• Problem to work on
From the first line to the last, repeat the data exactly and drop the pictures.

• Supplied entries
★ ★ ★
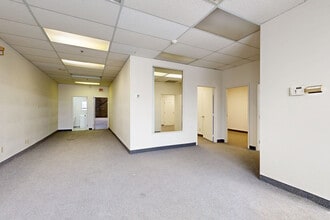 90A-90F Boul Brunswick, Dollard-des-Ormeaux, QC for lease Matterport 3D Scan- Image 1 of 19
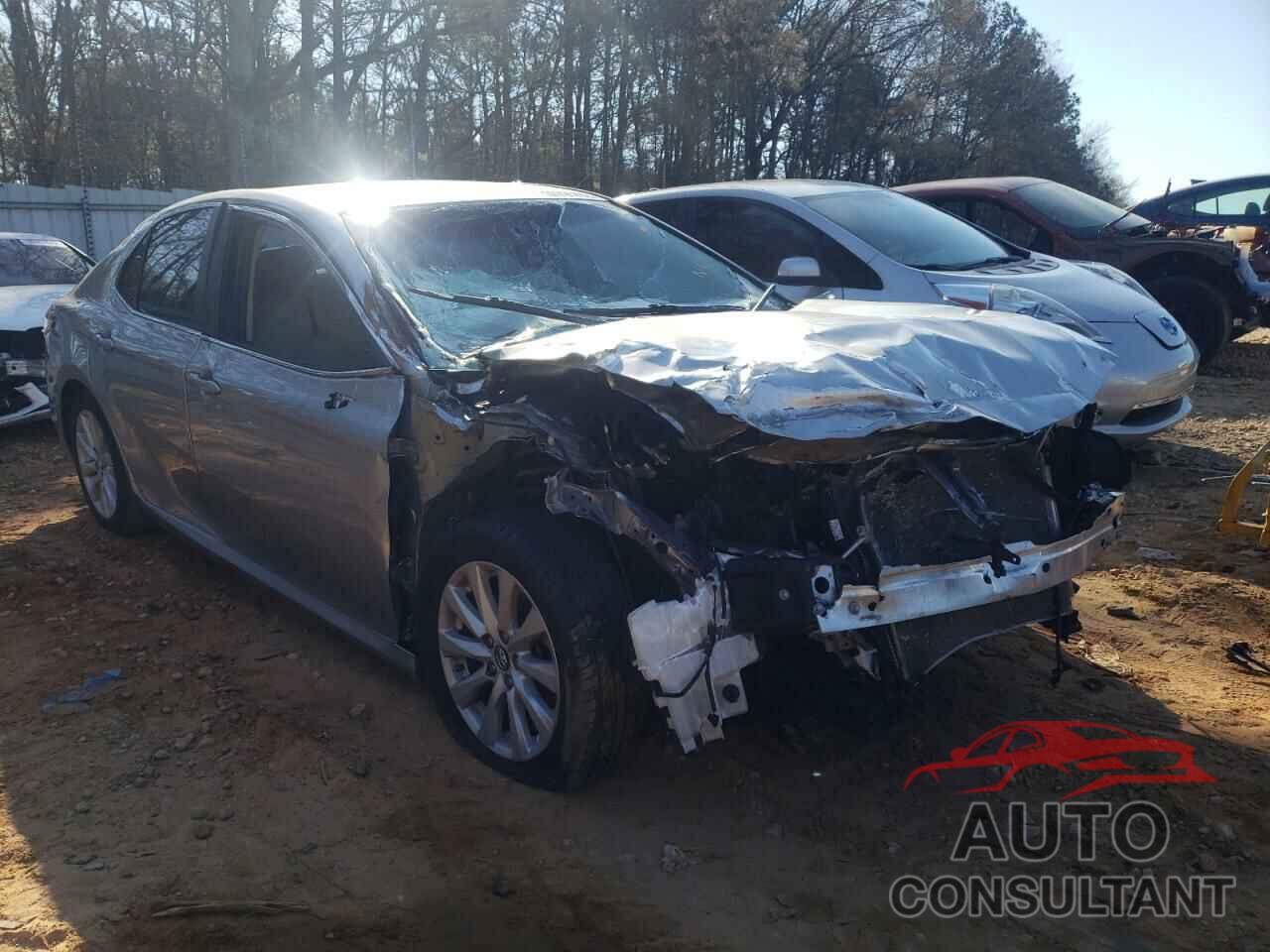 TOYOTA CAMRY 2018 - 4T1B11HK3JU105607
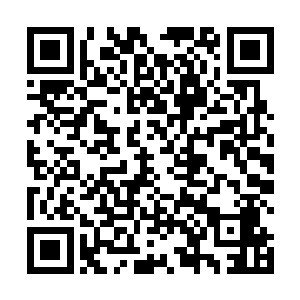 可是他突然发现自己的膝盖就好像是镶在了地面上一样二维码生成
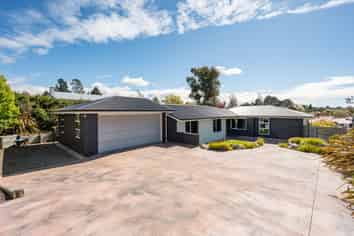 75 Mapua Drive, Mapua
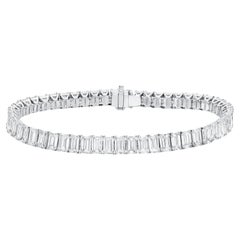Important bracelet tennis en or 18 carats avec 51 diamants taille émeraude de 20,32 carats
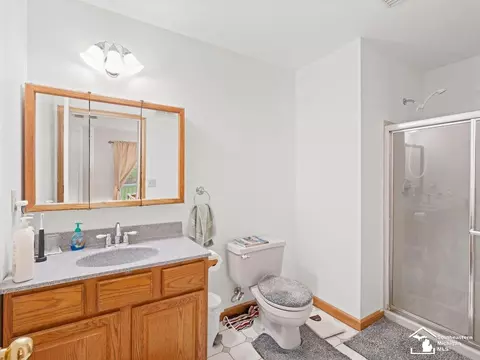 Bath - 2760 Spring Hl, Howell, MI 48843 photo 5 of 5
★ ★ ★
• Answer section
 90A-90F Boul Brunswick, Dollard-des-Ormeaux, QC for lease Matterport 3D Scan- Image 1 of 19
 TOYOTA CAMRY 2018 - 4T1B11HK3JU105607
 可是他突然发现自己的膝盖就好像是镶在了地面上一样二维码生成
 75 Mapua Drive, Mapua
Important bracelet tennis en or 18 carats avec 51 diamants taille émeraude de 20,32 carats
 Bath - 2760 Spring Hl, Howell, MI 48843 photo 5 of 5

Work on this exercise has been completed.